Così fan tutte, K588 – Opera buffa in two acts [Libretto by Lorenzo Da Ponte; sung in the English translation by Jeremy Sams]
Ferrando – Glenn Tweedie
Guglielmo – John Savournin
Don Alfonso – Dominic Barrand
Fiordiligi – Belinda Evans
Dorabella – Nicola Pulford
Despina – Melanie Lodge
Bernardi Music Group [Andy Liang & Andrew Bernardi (violins), Virginia Slater (viola), Mick Allen (cello) &Stephen Hose (piano & musical direction)]
John Mullis – Producer
Jane McCulloch – Director
Alison Hall – Costumes
Hats by Bridget Armstrong Hats
Reviewed by: Michael Darvell
Reviewed: 11 November, 2007
Venue: Concert Hall, Blackheath Concert Halls, London SE3
Basically ‘Così’ (not my favourite Mozart opera, I must admit) has a single joke about the fickleness of women. However, Mozart, being the master he is, can sustain most of the confusion engendered in Da Ponte’s libretto. It’s also about how cruel somebody on the outside, namely Don Ferrando, can be. He is on his own, as far as we know, and perhaps out of jealousy or plain nasty indifference, sets up the two soldiers by betting that their fiancées could under certain circumstances be as unfaithful as any single woman.
Once the bet is placed, matters go awry.

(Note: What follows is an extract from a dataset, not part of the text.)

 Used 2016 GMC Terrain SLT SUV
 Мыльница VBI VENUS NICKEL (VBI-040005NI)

The soldiers, Ferrando and Guglielmo, pretend to go off to war, returning disguised as ‘Albanians’ (although here they are in Arab mufti) and start to make love to them. The women, sisters Dorabella and Fiordiligi, respond but fall for the opposite number and not their own betrothed. This adds a neat twist to the situation and the Opera UK cast handle the switch with both good humour and a subtle sort of sadness.

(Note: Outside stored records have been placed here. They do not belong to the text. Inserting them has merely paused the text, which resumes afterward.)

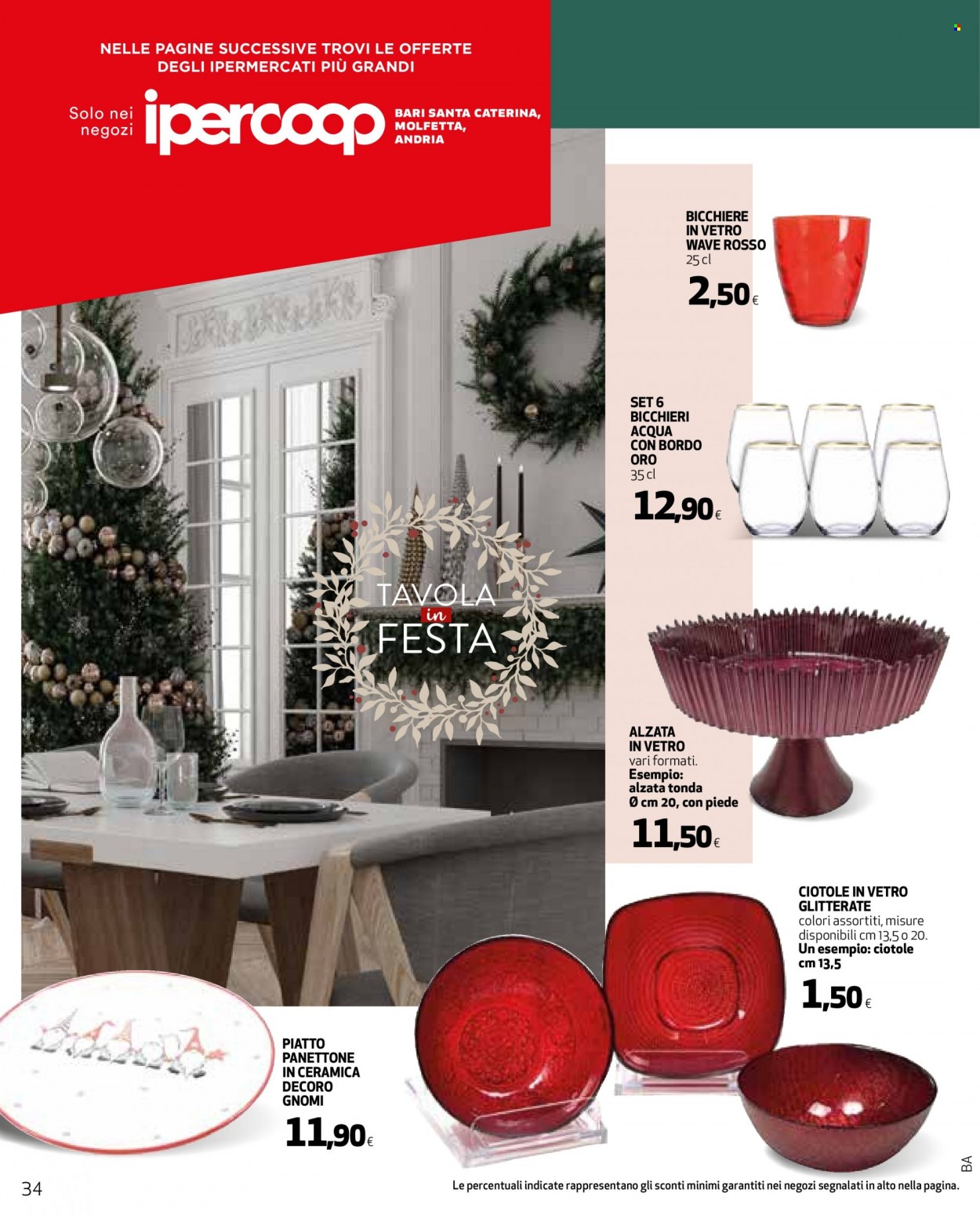 Leták Coop - 15.12.2022 - 31.12.2022. Strana 34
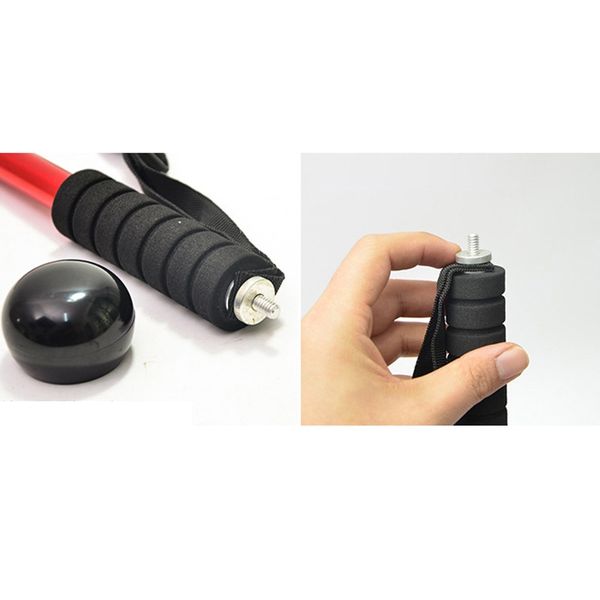 hiking trekking pole backpacking camera mount adjustable mountaineering trekking poles
hiking trekking pole backpacking camera mount adjustable mountaineering trekking poles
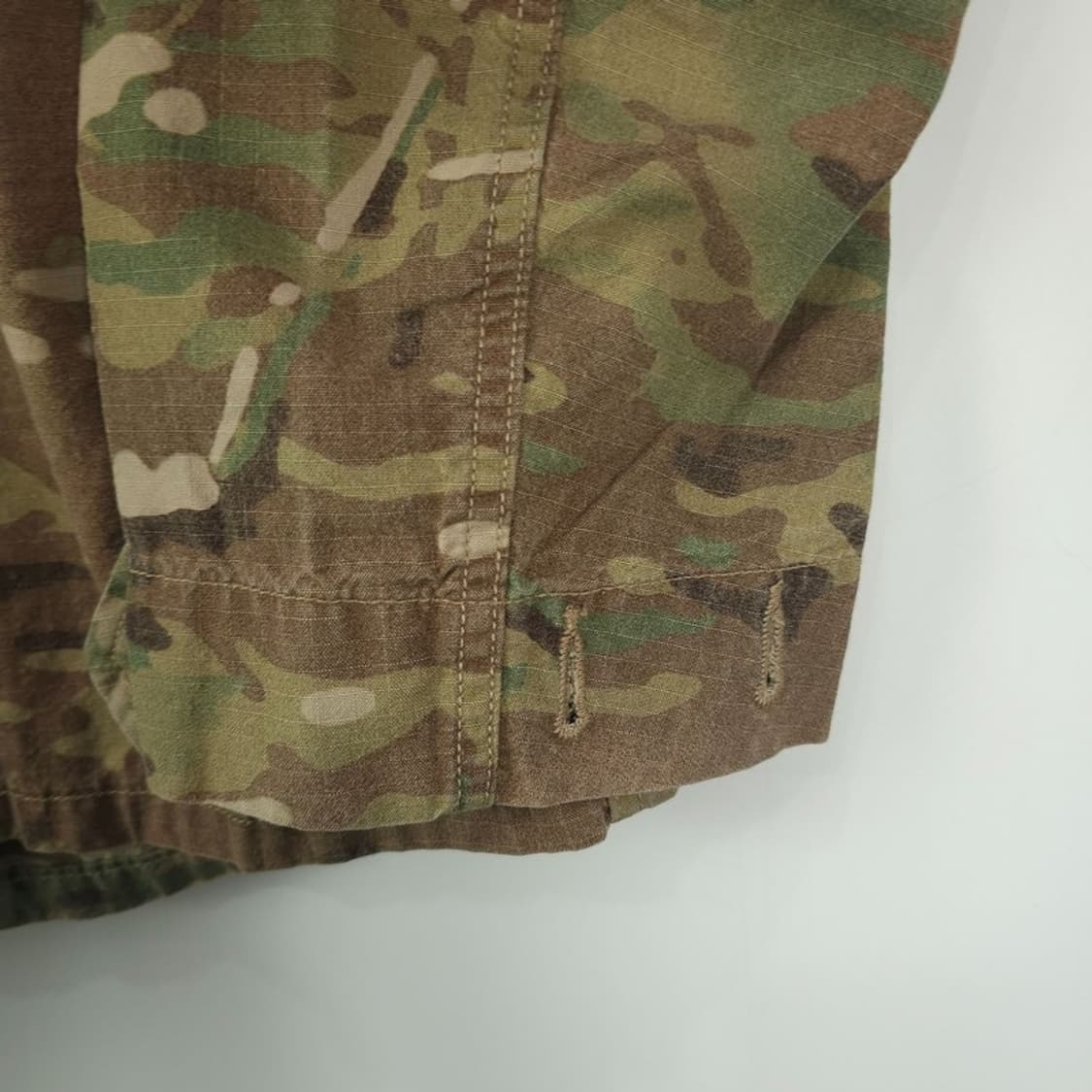 [아메리칸빈티지] 미군 OCP 멀티캠 전투복 상의 M20602 상품이미지7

Characterisation is well-developed. The two sisters (who actually do look like sisters here) are opposite in temperament, as Dorabella is the dreamy one, while Fiordiligi is the more practical. The scenes between Belinda Evans’s Fiordiligi and John Savournin’s Guglielmo are really very moving. At the start Savournin has all the louche, laid-back charisma – and indeed the good looks – of Hugh Grant but he manages to make the role darker as the opera progresses. Nicola Pulford’s Dorabella and Glenn Tweedie’s Ferrando are different again but contribute good performances without ever going over the top, which is something too easily done in ‘Cosi’.
The oily charm of the appalling Don Alfonso is well captured in Dominic Barrand’s performance and Melanie Lodge is skittishly comic as the maid Despina who is out to make every penny she can from the deception. So, on the surface a farcical comedy but underneath it is a treacherous joke played on the innocent and the gullible.

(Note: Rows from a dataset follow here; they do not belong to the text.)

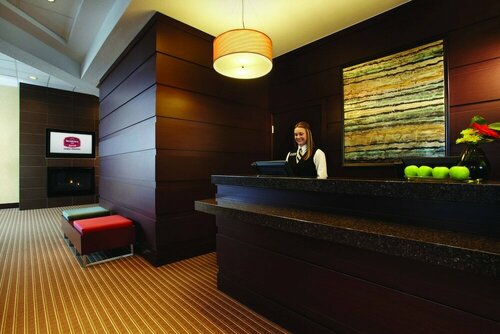 Гостиница Residence Inn by Marriott London Ontario в Лондоне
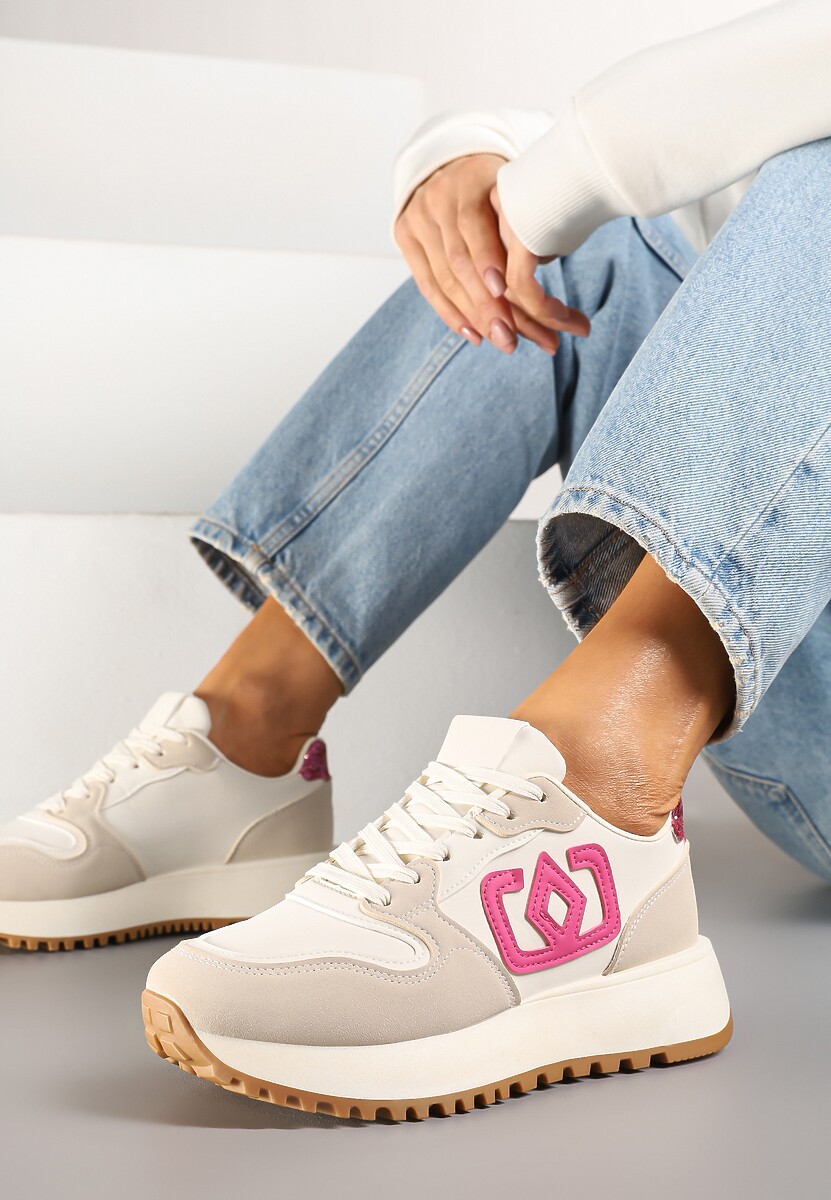 Sneakers Alimrela Roșii 1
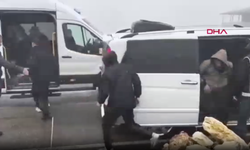 Hatay’da göçmen kaçakçılığı operasyonu: 52 düzensiz göçmen yakalandı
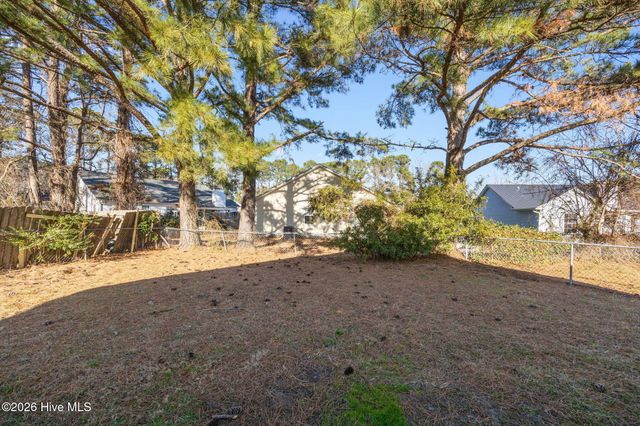 1109 Shroyer Circle, Jacksonville, NC 28540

Jane McCulloch keeps the piece fresh, setting it on an early summer’s day in 1914, which gives it an extra frisson as the two officers will probably be going off to War , never to return, so that the two sisters left behind may well need to find themselves suitable replacements in the very near future, or even earlier than you might think, as the director keeps an ace up her sleeve until the last moment of the opera.
In the absence of an orchestra, it is a good idea to use a piano quintet instead of ‘just’ piano accompaniment to give Mozart’s “Così fan tutte” full rein. Stephen Hose’s direction of the Bernardi Music Group is impeccable. Even these smallish forces do give the production an added lift and embed the whole thing in the music itself and not just the sound of the voices. Next year sees a full UK tour for this most sunny of productions which is simple, straightforward, amusing and light on its toes. The young cast handle Jeremy Sams’s idiosyncratic English translation well.